2018.06.05

飲食店向け

行列の座席案内はどうするのが適切?飲食店の守るべきセオリーとは

座席案内でお客様をどの席に案内するかはその時々で判断に悩んでしまうときもありますよね。しかし、混雑時でもスムーズに座席に案内できれば、お客様も気分よくお店をよく利用でき、満足度向上につながります。今回の記事はお客様に好印象を与えるための適切な座席案内についてです。

飲食店では座席案内が重要

行列のできる人気の飲食店では、「座席の案内」が重要です。意外と軽視されがちですが、座席案内の仕方によって、お客様にとっての「居心地のよさ」に対する評価は大きく左右されます。適切なタイミングに、適切な順序で、適切な場所へ案内する――これは、簡単そうに見えて、案外難しいことなのです。

座席案内のセオリーを徹底すべし

スタッフを教育するマネージャーの立場の人でも、座席案内は属人的になりがちで個々の経験則によって行われることが多いポイントのひとつ。しかし、“なんとなく”の感覚で空いた席へ案内していると、お客様の不満のもとになってしまうため、お店としての方針をマニュアル化して各スタッフが効率よく動けるように指導することが大切です。業種・業態、規模によって席数や混雑時間帯は異なるため、自分の店にあった座席案内が行えるようにしましょう。

ヒント1 「奥から順番に案内」は間違い

ありがちなのが、奥から詰めるように順番に案内してしまうパターン。店内が空いている場合は、ある程度お客様同士の間隔を開けて案内することを心がけましょう。自分の仕事がしやすいからと言って、奥から順番に案内していくと居心地の悪さにつながります。奥に案内したら次は手前、その次に真ん中、というように、できるだけお客様が窮屈に感じないような配慮が大切です。

ヒント2 「適切な席」に案内する

その場に応じて適切な席に案内することも大切です。例えば、店内が空いているときは2人組でも4人席に通すのがセオリー。お客様にゆったりと過ごしていただけて、結果として満足度が上がります。しかし、例えば来店時は空いていたとしても、30分後ピークタイムで満席が予想される場合、4人席が空いていても2人席に通したほうがいい場合もあります。その場合はお客様に一声添えて案内するなどの気遣いを忘れないようにしましょう。

ヒント3 案内する順番をルール化しておく

例えば、カウンター席が飛び飛びで空いた場合、複数人のお客様をどのような順番で案内するか、という事例では、以下の2パターンの案内方法が考えられます。
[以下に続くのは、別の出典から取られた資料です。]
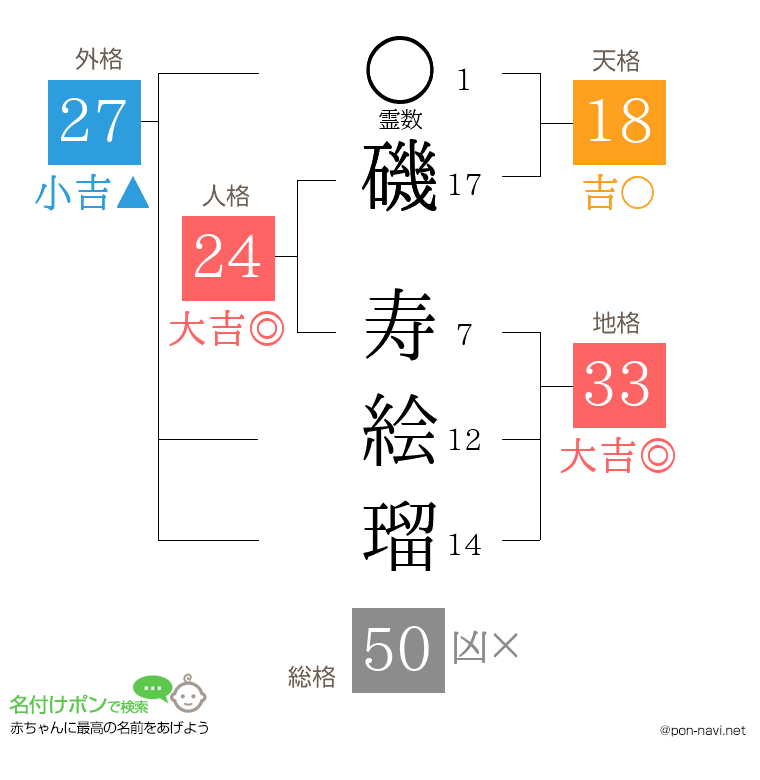 磯 寿絵瑠さんの姓名判断結果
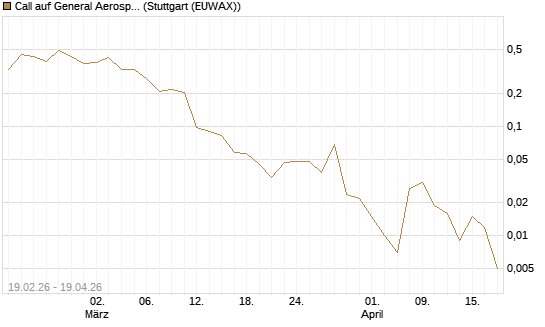 Call auf General Aerospace Co [Vontobel] Chart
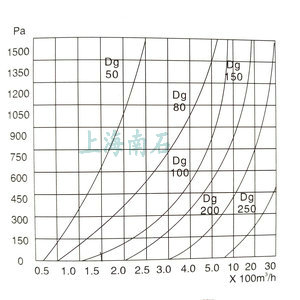 非标准呼吸阀操作压力的通气量流量曲线图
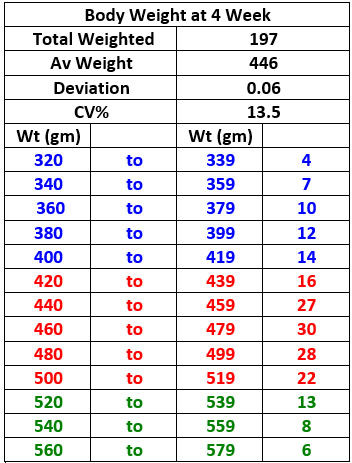 Grading of adjustable pen with electronic scale
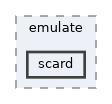 scard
1.カウンターのお客様にお声掛けをし、詰めていただく。
2.空いたままお客様に待っていただく。

みなさんのお店ではどのような対応をされているでしょうか。こうした場合に、スタッフによって対応が異なると混乱やクレームのもとになります。お店によって案内する順番のルールをあらかじめ決めておくことでこうしたケースが起きたときにもスムーズに対応することができます。

ヒント4 声掛けの仕方を決める

店内が満席で、行列ができている場合、お客様は「何分くらいで案内してもらえるのか」ということ。目安が分からずに待ち続けるのはかなりのストレスになります。そのため、案内係が把握しておくべきなのが、現在何組が待っているか、そして、一組あたりの平均的な滞在時間です。この2つが分かっているだけで、大体どれくらい待てば入店できるのかを行列に並んでいるお客様に伝えることができます。また、もしお客様の待ち時間が長くなりそうな場合は先にメニューを渡して見てもらうなど、待ち時間を短く感じさせる工夫をしましょう。

行列の案内で悩んでいる場合はアプリを使うという手も

行列ができるような人気店の場合、案内係のスタッフは正確な客席数や待ち時間の把握など、オペレーションの負担も大きくなります。また、店舗によっては案内係のスタッフを配置するのが難しいという場合もあるでしょう。そのような場合、順番待ち管理システムの導入も効果的です。順番待ち管理システムは、店頭の端末やスマートフォンなどから整理番号を配付できるシステム。店頭で並ぶ必要がなくなるため、お客様のストレス軽減につながるほか、オペレーション面の負担や、行列の軽減にも効果を発揮します。

 たかが案内、されど案内

座席案内ひとつでもお店の印象は変わります。スタッフがルールに従って効率よく案内し、心地よく利用していただくことがお客様のリピート率にも大きく影響します。まずルールをしっかり作り、スタッフが効率よく動けるように指導していくことが重要です。